Since first being introduced to data science, I had wanted to create a soccer within-match win probability metric, similar to what has existed for a while in baseball. Given the score, the minute, and where the ball is on the field, what is the probability that either team wins, or that it ends in a draw? I was finally able to get my hands on sufficient data, and I created such a model for my final project of a graduate-level machine learning course I took in Fall 2021. I used random forests trained on one season’s worth of matches from across Europe’s top five leagues to estimate win/draw probabilities based on a few features tracked throughout the match. Read my paper here!
One question I have always been interested in is how society labels different colors. What is the dividing line between red and orange, or blue and purple? After learning about k-medoids clustering in the Algorithms for Data Science course I took in Fall 2020, I was inspired to apply this method to the colors of college basketball teams. In the process, I learned a lot about different color spaces and how to adequately measure the “distance” between different colors. It was also a fun exercise in \(\LaTeX\) and machine learning software packages. Turns out a lot of teams wear blue. Check it out here! You can also read the presentation I gave for an interview here.
Senate Bill 1120 was proposed legislation in California that would allow for single-family residential lots to be split into two equally-sized lots. New construction could be built on the split lot, thus increasing density in residential neighborhoods. The Terner Center for Housing Innovation at Berkeley was working on a policy brief in support of SB-1120, and they called on me to run the numbers. Specifically, I determined the total counts and percentages of parcels throughout the state to which this new law would apply, which are referenced throughout the report. I’m definitely proud to have published my first “formal” work! Read the blog post and check out the full brief (PDF). Unfortunately, the bill died during the final hours of the legislative session.

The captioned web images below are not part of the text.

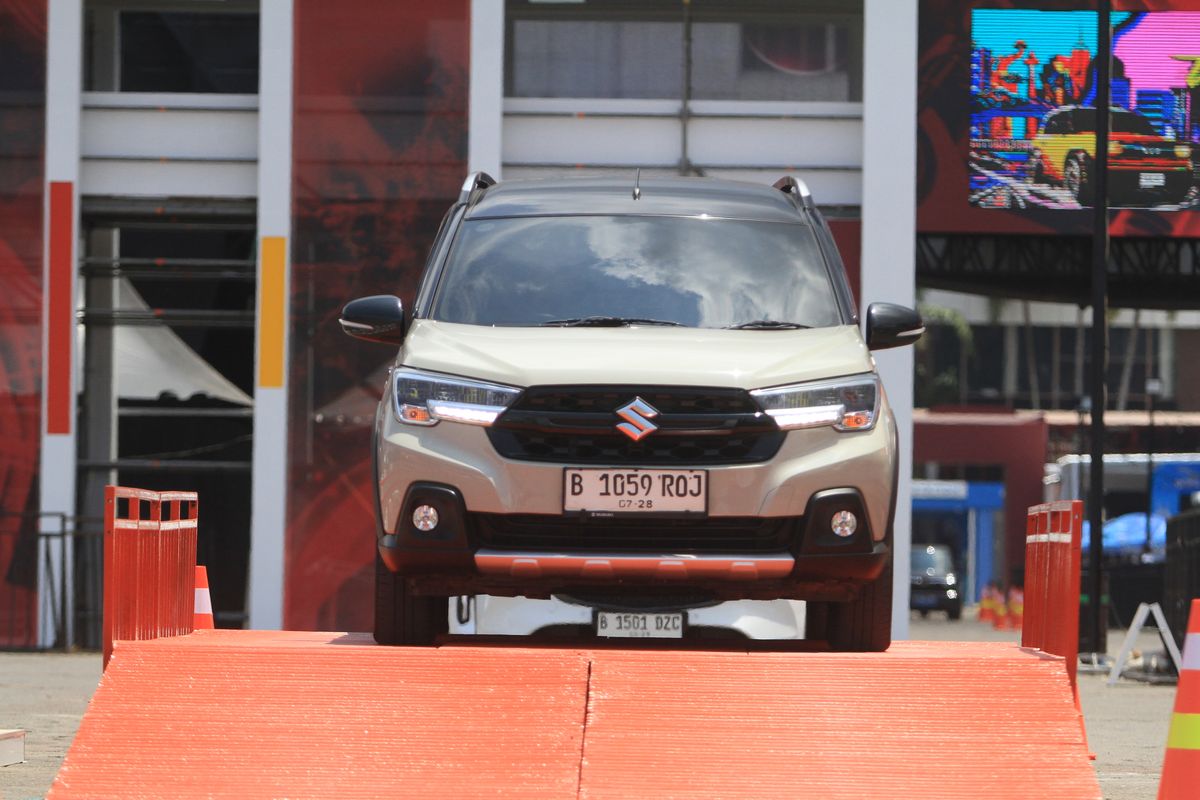 Persaingan Mobil Keluarga: Suzuki XL7 vs Mitsubishi Xpander Cross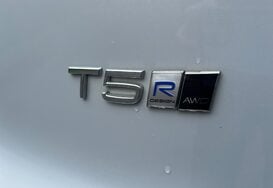 Volvo XC40 2.0 T5 R-DESIGN PRO AWD AUTO 9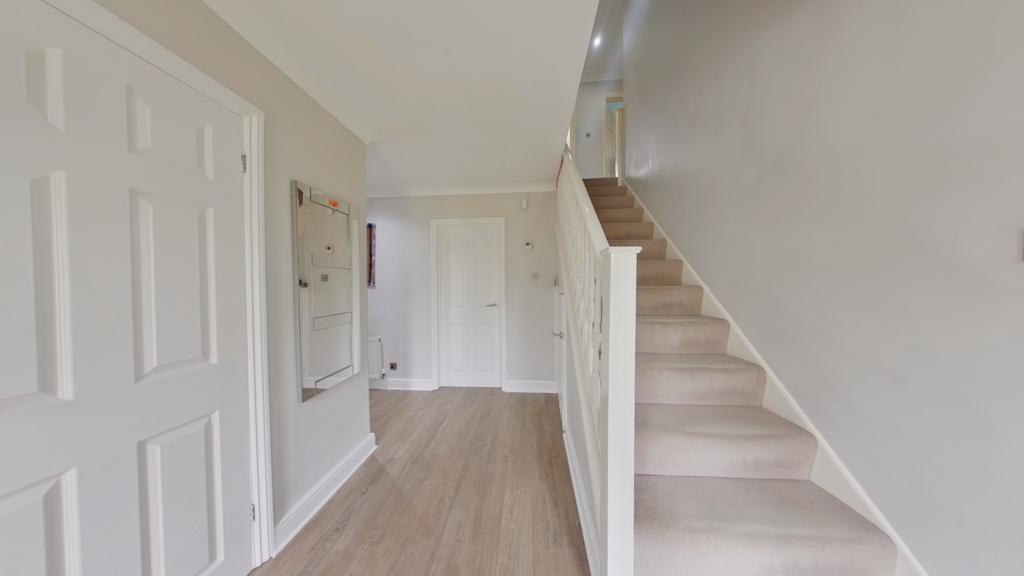 Pipers Green Lane, Edgware HA8 5 bed detached house for sale £1,250,000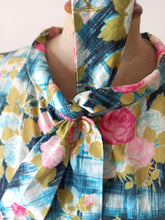 Carica l&#39;immagine nel visualizzatore di Gallery, 1950s 1960s - BÉATRICE, Paris - Precious Roseprint Cotton Dress - W28.5 (72cm)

For the Time Series class I took in Spring 2020, our final project was to analyze an anonymized stock price, and predict its future performance. We explored a bunch of different models, ranging from parametric models to SARIMA to basic differencing. We combined all of our findings into a professional-style report, and summarized our findings in a silly blog post. Our model predicted future prices better than at least two-thirds of the class! Not only was this an exercise in different modeling techniques, but in Markdown and \(\LaTeX\) syntax as well. Read our “blog” here, or our more detailed final report here, which also includes all of our R code.
For a class assignment, my group and I looked at the relationship between the existence of bike lanes and urban displacement, as measured by the Urban Displacement Project. I collected bike lane shapefiles from various city open data portals, which I then used to calculate the total length of bike lanes per census tract. My groupmates then used that information to look at potential associations with the typologies created by UDP. We then structured our results as a blog post, which you can read here.
For another assignment, my partner and I investigated factors affecting accessibility to BART, particularly looking at the location of the Warm Springs and Fremont stations. I built my own ArcGIS road network based on a county street centerlines shapefile, which I used to calculate distance and walking times to BART for various locations. We also used data from the American Community Survey to try to determine the makeup of the neighborhoods these stations serve. Read our post here.
For my first city planning course, our term paper assignment was to pick a city and outlay a “vision” for how that city might look in 50 years. During one of our class discussions, a student mentioned they were considering Malta, and I decided to follow the microstate idea and picked Monaco. Monaco is unique in that it is very small, very rich, and its own country. Recently it has suffered from a severe lack of housing—even in the most expensive city in the world, demand is far exceeding supply. The city can’t grow outwards (it either hits water or an international border), and growing upwards would mean losing its charm, so I decided to base my vision around a radical underground housing plan. I reference other human underground spaces, such as in Montreal, and the informal underground housing market in China. While my plan is certainly quite unrealistic, this was quite a fun research exercise. I also got to improve my non-existent graphic design skills. No data science here, but still please read!